= What you should do =
Reproduce exactly the lines below, starting at the line that contains "15. Combining Wood" and ending with the last line of the records, both included; leave out any pictures.

= Data listing =
[Start of Attachment]

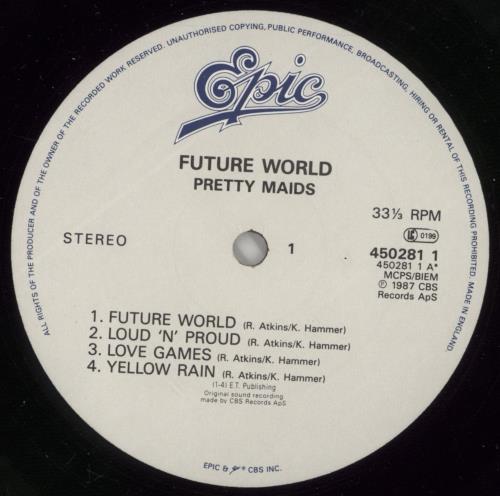 Pretty Maids Future World vinyl LP album (LP record) UK PSJLPFU591336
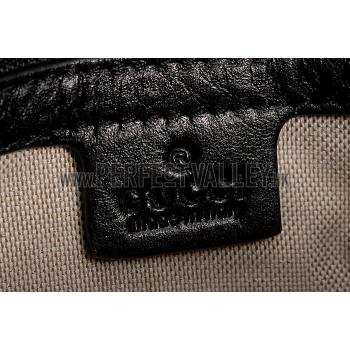 Gucci Lady Web GG Canvas And Black Leather Medium Bag  18926781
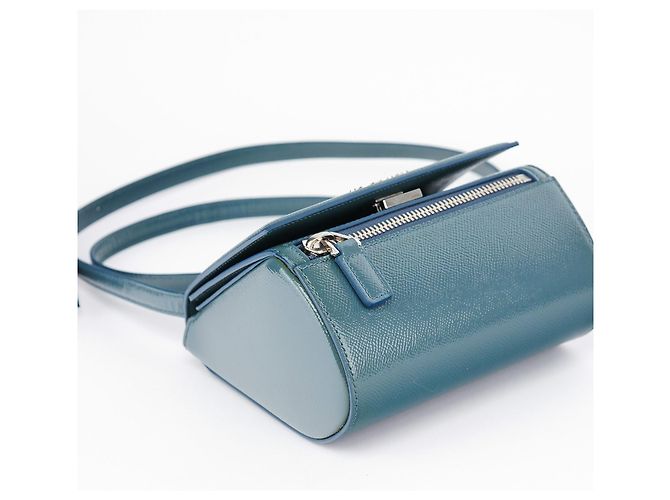 Givenchy Borsa a tracolla Pandora in pelle Saffiano blu navy - vista 9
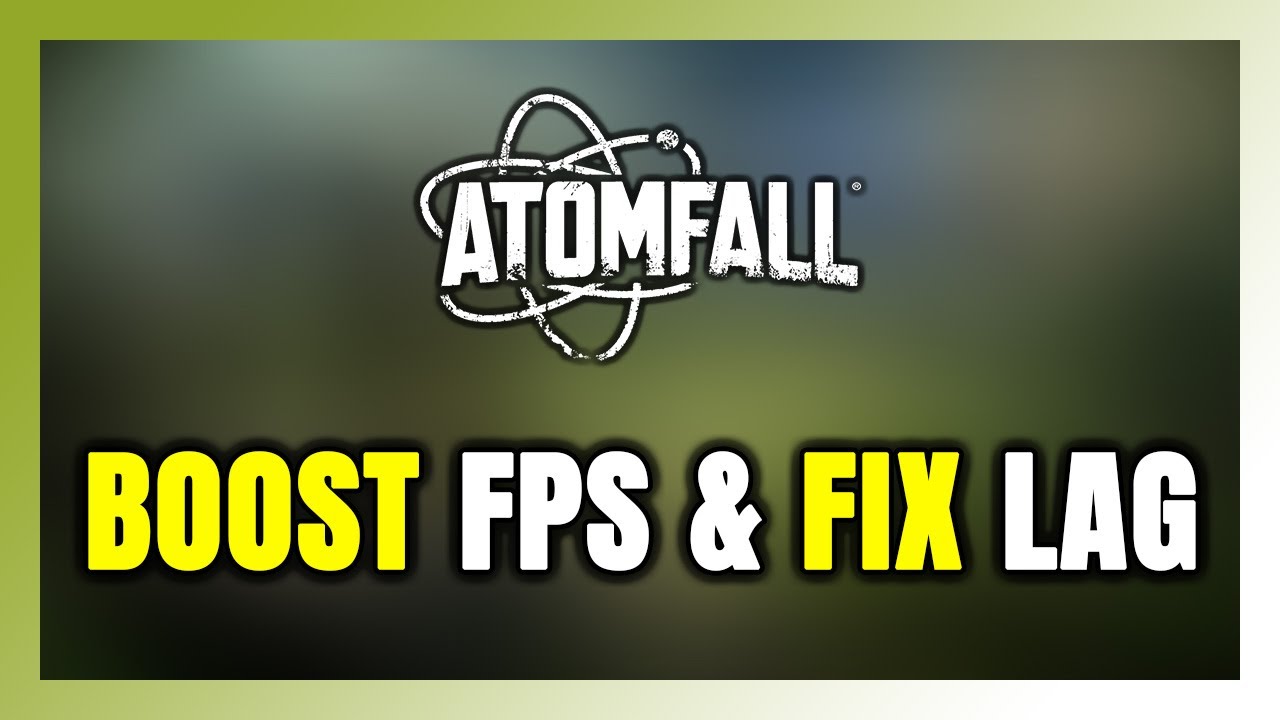 How to BOOST FPS and FIX LAG in Atomfall! Optimization Guide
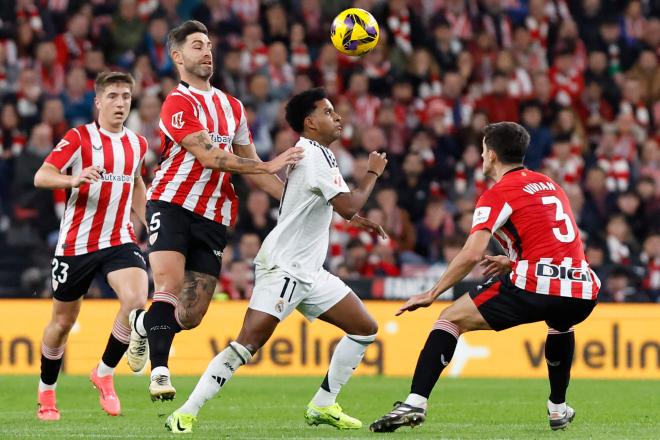 Rodrygo Goes en el Estadio de San Mamés (Foto: EFE)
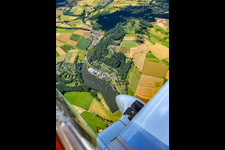Ibrat Reservoir in the district Reimboldshausen in Kirchheim in the state Hesse, Germany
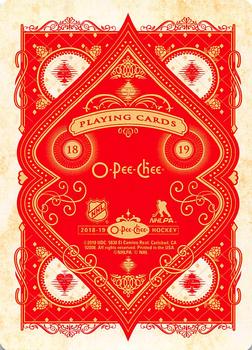 2018-19 O-Pee-Chee - Playing Cards #6♥ Joe Thornton Back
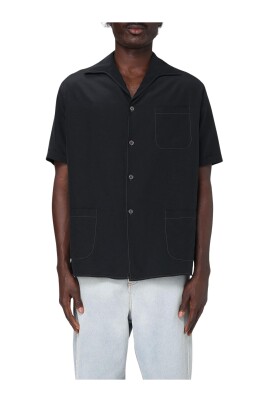 black-buttondown-shirt-modern-style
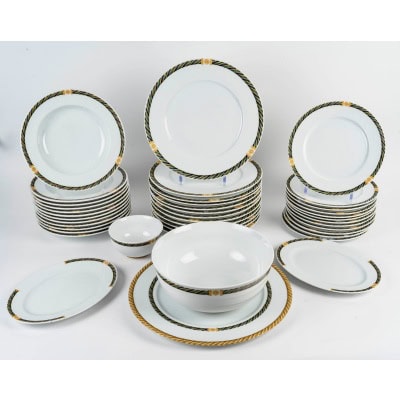 Christian Dior – Service De Table Torsadior Porcelaine – 41 Pièces – 12 Personnes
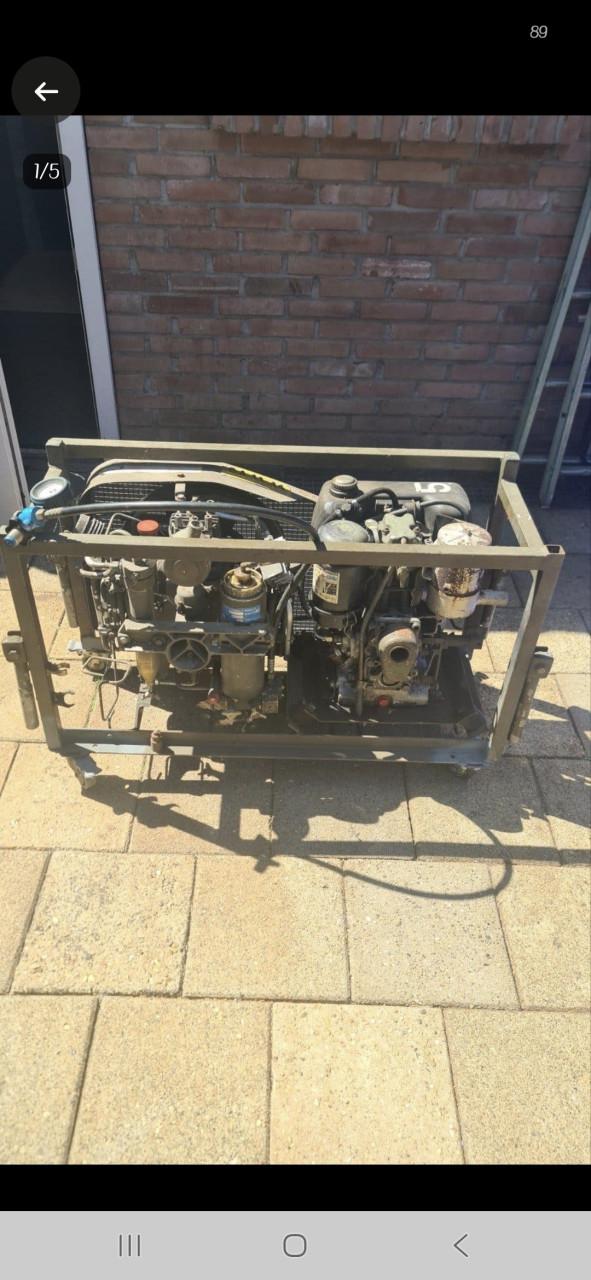 Bauer Kompressor met hatz dieselmotor (1980)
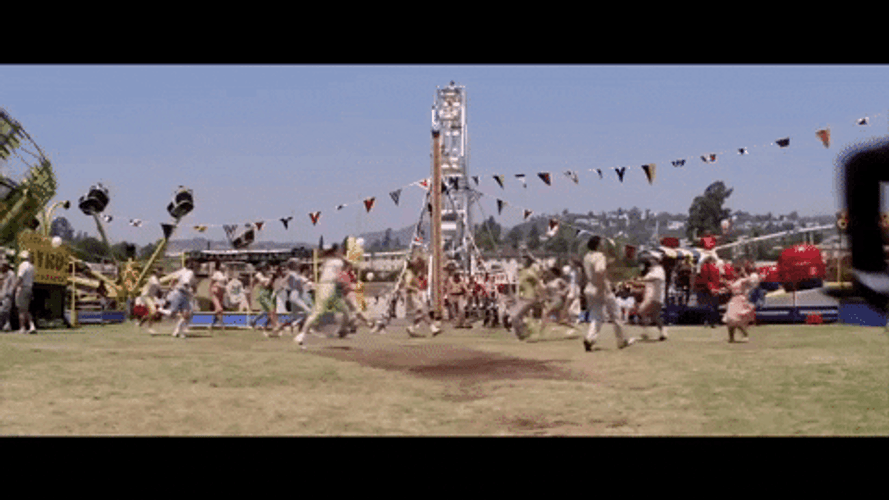 Grease Funfair Dance GIF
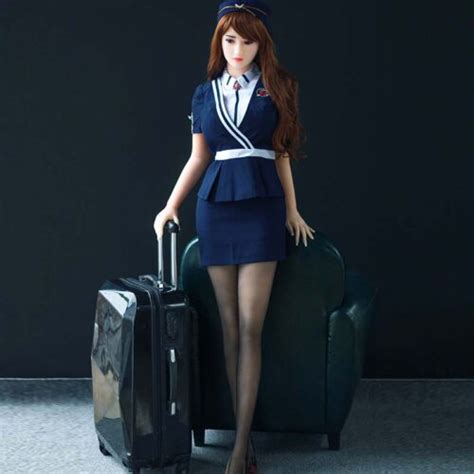 165cm Airline Stewardess Sex Doll Asian Realistic Love Doll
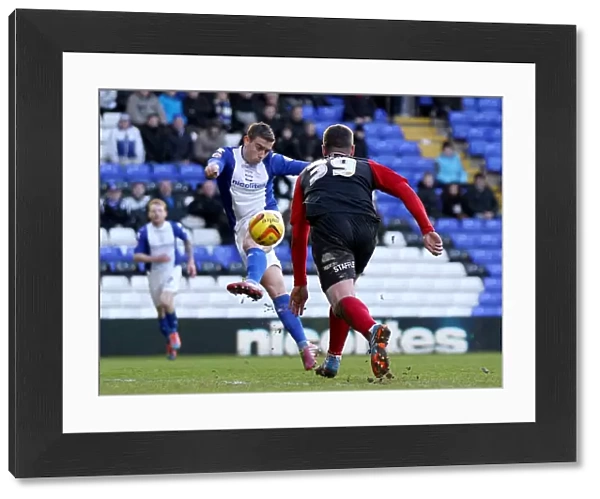 Olly Lee Scores the Dramatic Winner: Birmingham City Triumphs Over Huddersfield Town in Sky Bet Championship Clash (February 15, 2014)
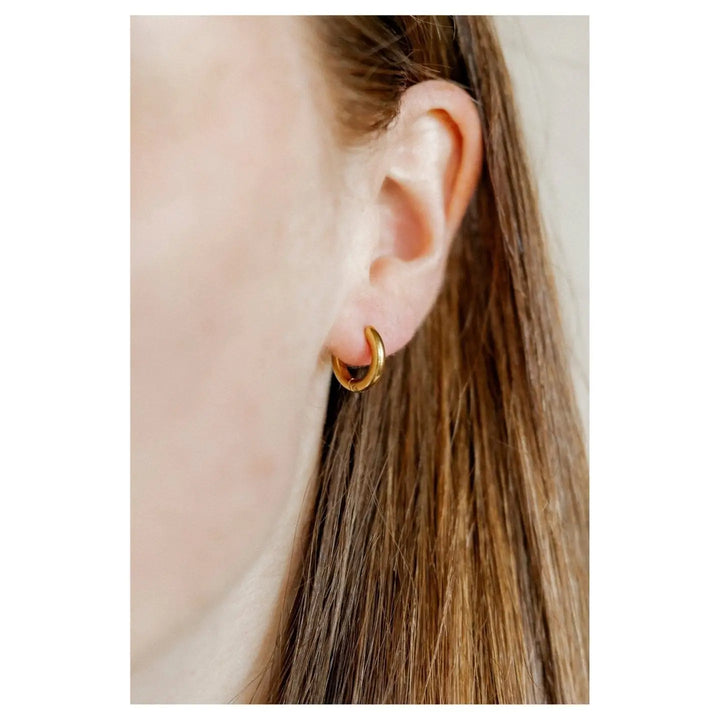 Linny Co - Gold Scarlet Hoop 8mm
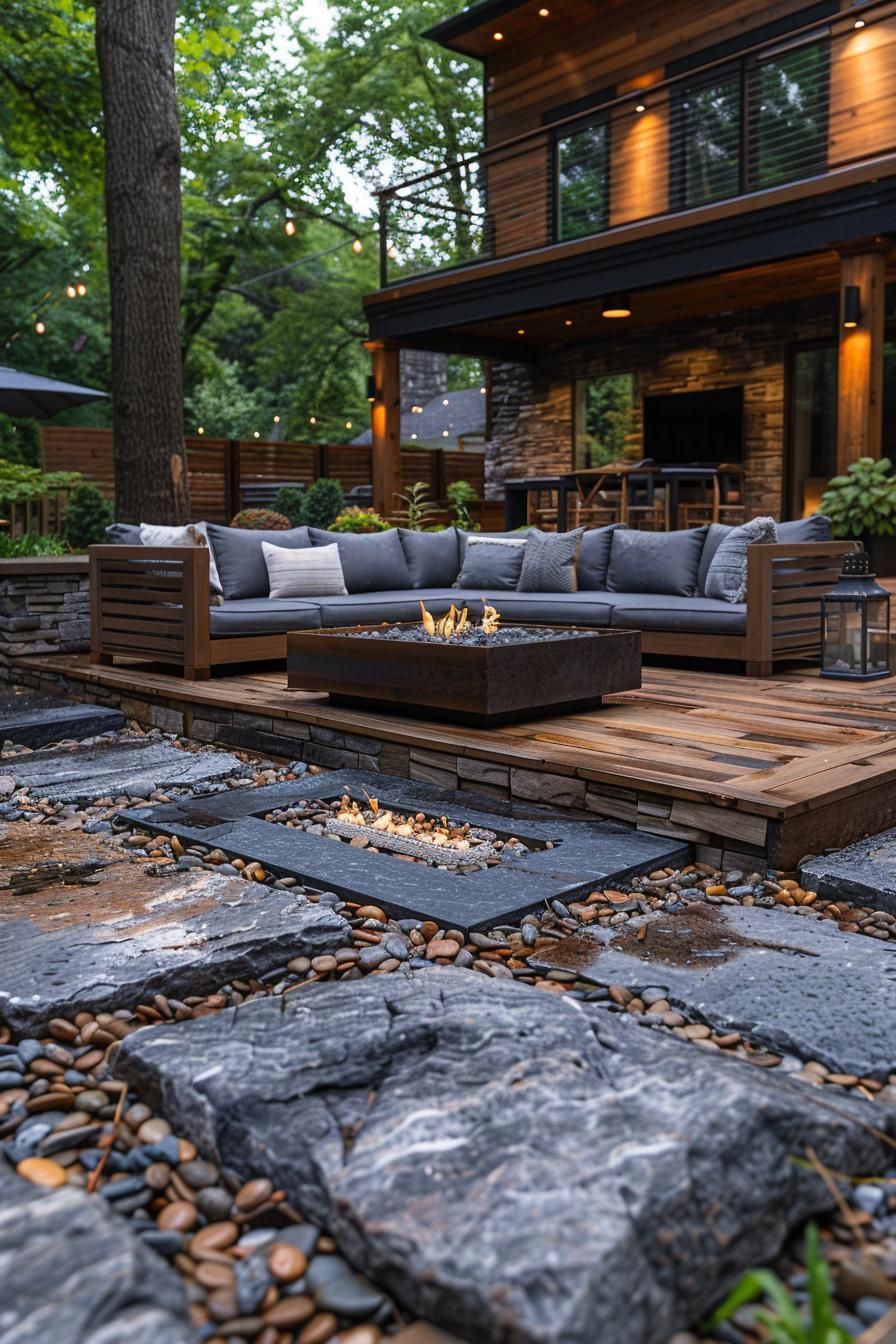 15. Combining Wood and Stone Patio Accents - photo 2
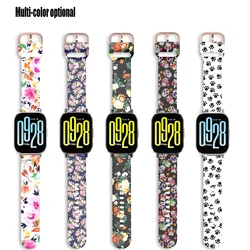 18mm 20MM 22mm band For Redmi Watch 5 lite/ Xiaomi Mi Watch 5 Active Wristband Printed Silicone Bracelet Sport strap Accessories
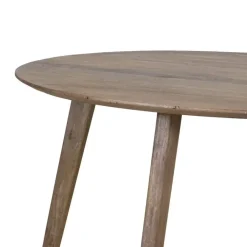 Ronde Eettafels-Giga Meubel Eettafel Rond 130cm - Naturel - Mangohout - Tafel Oslo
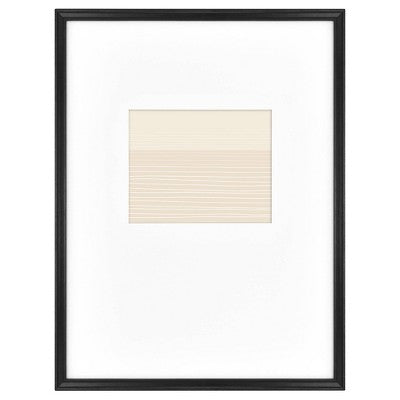  19.49" X 25.49" Matted To 8" X 10" Gallery Single Image Frame Black - Threshold™ Designed With Studio McGee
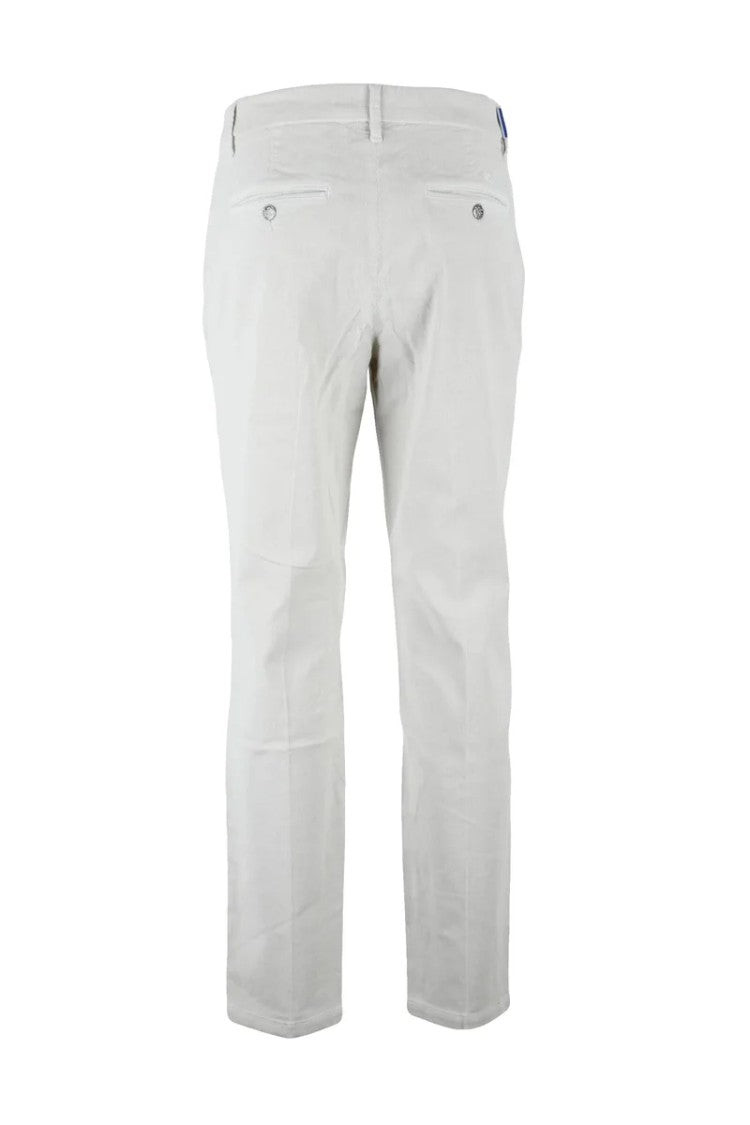 Jacob Cohen Marina Velvet Slim Pants - White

[End of Attachment]

= Answer for the task =
 15. Combining Wood and Stone Patio Accents - photo 2
 18mm 20MM 22mm band For Redmi Watch 5 lite/ Xiaomi Mi Watch 5 Active Wristband Printed Silicone Bracelet Sport strap Accessories
 Ronde Eettafels-Giga Meubel Eettafel Rond 130cm - Naturel - Mangohout - Tafel Oslo
  19.49" X 25.49" Matted To 8" X 10" Gallery Single Image Frame Black - Threshold™ Designed With Studio McGee
 Jacob Cohen Marina Velvet Slim Pants - White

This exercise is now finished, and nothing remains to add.